A pesar de ser francés y de tener poco tiempo en el Perú, Petit Thouars se hizo muy devoto de Santa Rosa. Él mismo cuenta que, ya estando en las costas de Valparaíso, de retorno a Europa, sintió una corazonada, un pálpito, un súbito recuerdo de Santa Rosa lo hizo levantar anclas y regresar a Lima. Y fue a las afueras de la ciudad donde conversó con Baquedano para que no sucediera con Lima lo que pasó en Chorrillos. De alguna manera simbólica, se puede decir que Santa Rosa volvió a salvar a Lima entonces. No de la ocupación, pero sí de la destrucción.
–Patricio Lynch, quien dirigió la ocupación, podría encarnar al villano perfecto. Su obsesión por dar caza a Cáceres lo define.
Es un personaje de novela. Era un militar apegado a las órdenes, minucioso. Y por sus expediciones al norte, lo recordamos como uno de los enemigos más crueles de la Guerra del Pacífico. En Lima intentó hacer una ocupación ordenada, pero poniendo aranceles muy altos a los vecinos de Lima. Es un villano perfecto. De alguna manera extraña, es muy poco recordado en Chile. Mucho más recordados son Prat o Baquedano, el militar chileno más importante en la guerra, cuya estatua tuvo que ser sacada de la Plaza Italia, ahora Plaza de la Dignidad, de tantas pintas que le hacían.
–Aquí, en el Perú, ninguna manifestación osaría pintar el monumento a Grau, por ejemplo.
Y no por su condición de marino, sino por el respeto por Grau como ser humano. En Chile, en cambio, sus héroes son militares vencedores, y por eso no gustan a la gente. En el Perú los héroes son seres humanos, personas de carne y hueso, sus muertes son poéticas, románticas, como las de Grau, Bolognesi, Alfonso Ugarte o Leoncio Prado.
–¿Qué podríamos decir de Miguel Iglesias, considerado un traidor tras firmar la paz con Chile?

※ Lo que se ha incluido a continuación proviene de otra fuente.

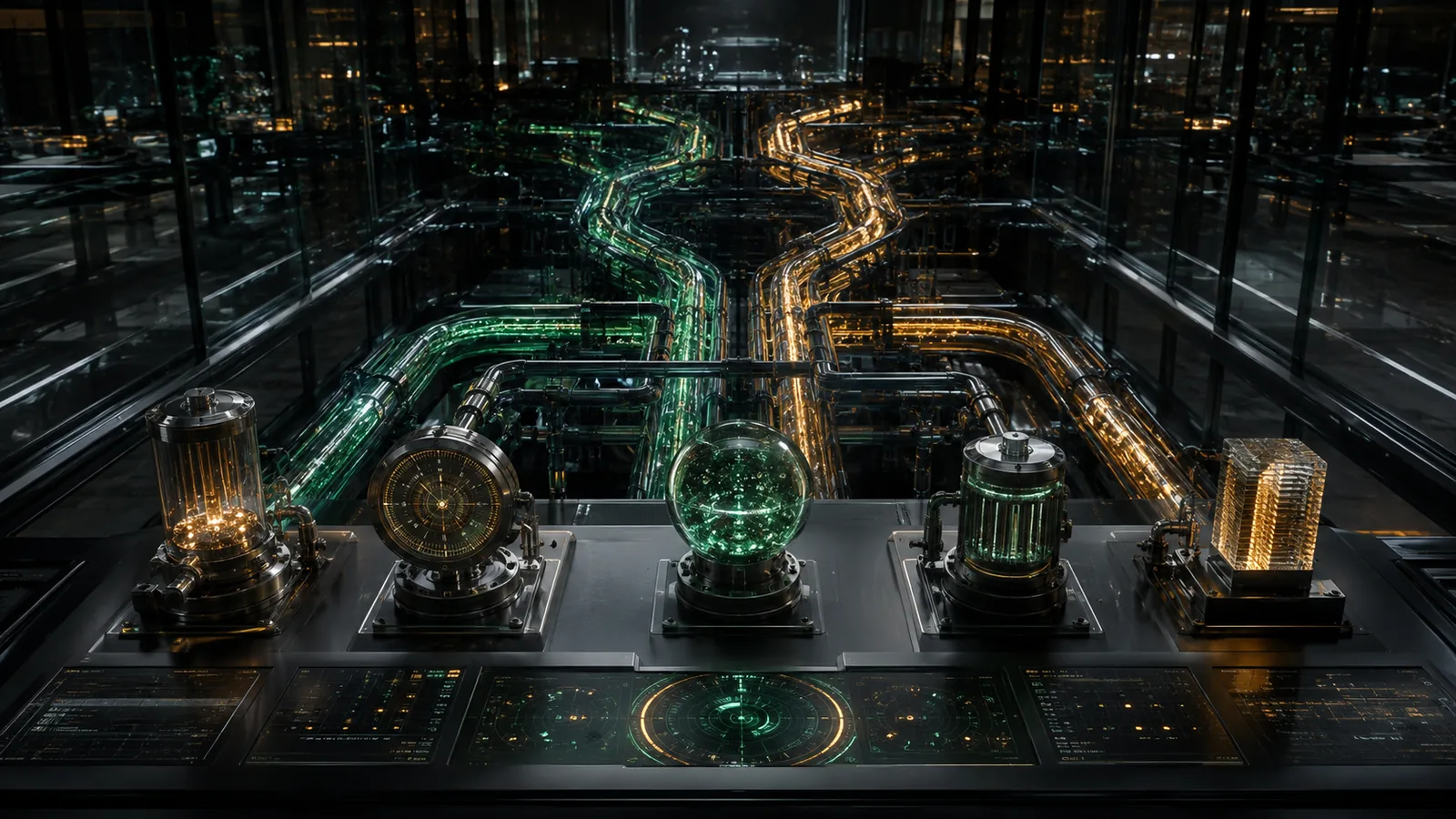 Two synchronized emerald and amber evidence pipelines feed five precision instruments in a dark institutional control room.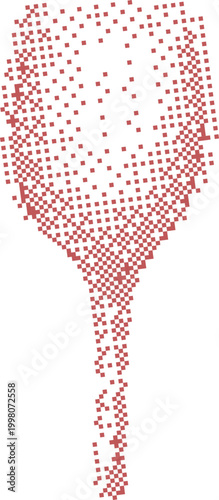 Wine glass outline formed with small dots against a white background for beverage advertising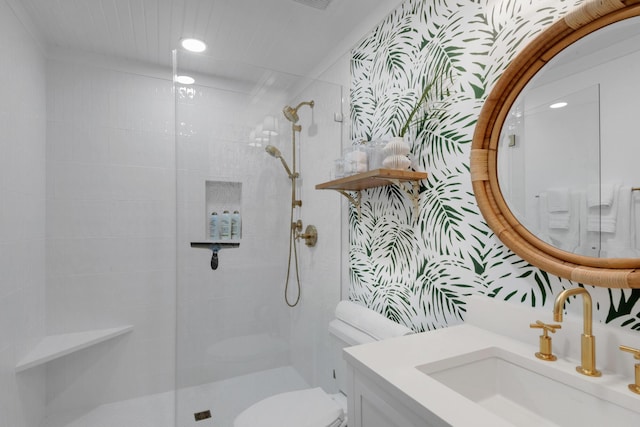 4984 W County Highway 30a Unit 5B, Santa Rosa Beach, FL 32459 - full bathroom with wallpapered walls, vanity, a walk in shower, and recessed lighting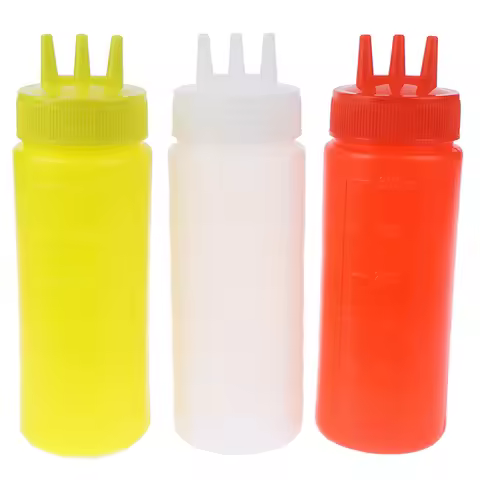 Squeeze Bottle 3 Holes Tomato Mustard Bottle Condiment Dispenser Sauce Vinegar Ketchup Cruet Sauces 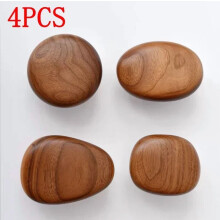 Patère murale scandinave en bois massif avec poignée en bois massif, crochet pour vêtements sans perçage, patère en forme de galet pour porte de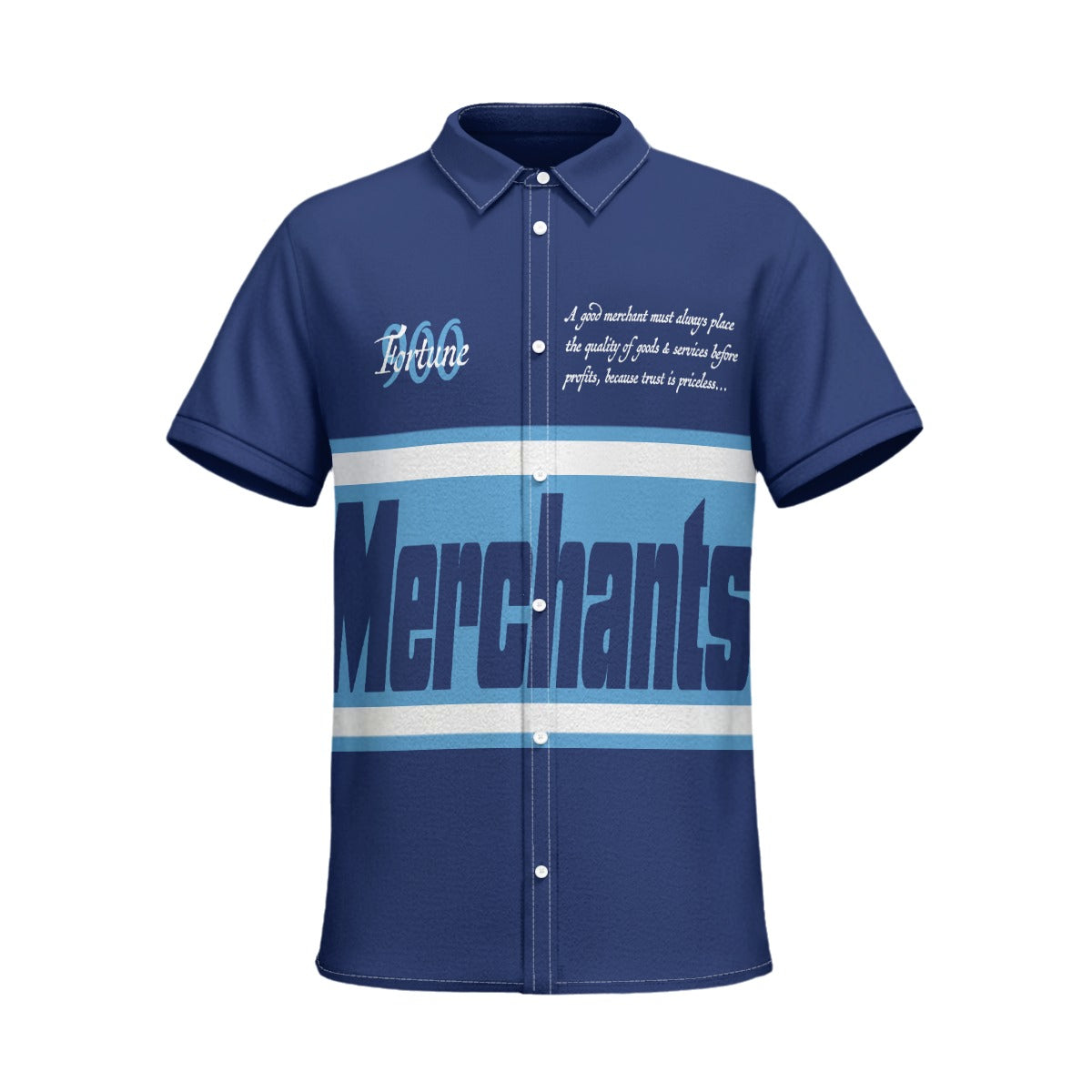 900 Merchants Short Sleeved Work Shirt Blue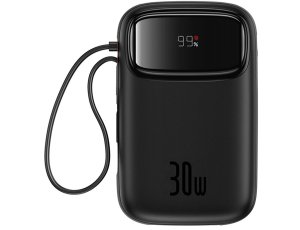 Powerbank BASEUS Qpow 2 10000mAh 30W Czarny + Kable USB-C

Me lo he preguntado mucho. La vida de Iglesias se queda detenida en el momento exacto de la firma del Tratado de Ancón. Obviamente los peruanos somos muy románticos y pensamos que podría haberse resistido hasta el final. Pero Iglesias tomó una decisión realista. Siempre me he plegado a los caceristas, a mí también me hubiera gustado esperar la batalla final para tomar Lima, pero eso no iba a suceder nunca. El Perú estaba dividido, los hacendados no querían que sus trabajadores se enrolaran en el ejército. En efecto, la figura de Iglesias es complicada. Es la del hombre pragmático que hizo lo que debía de hacerse. Pero los peruanos nos quedamos con Cáceres que peleó incluso después que se fueron los chilenos hasta derrocar a Iglesias.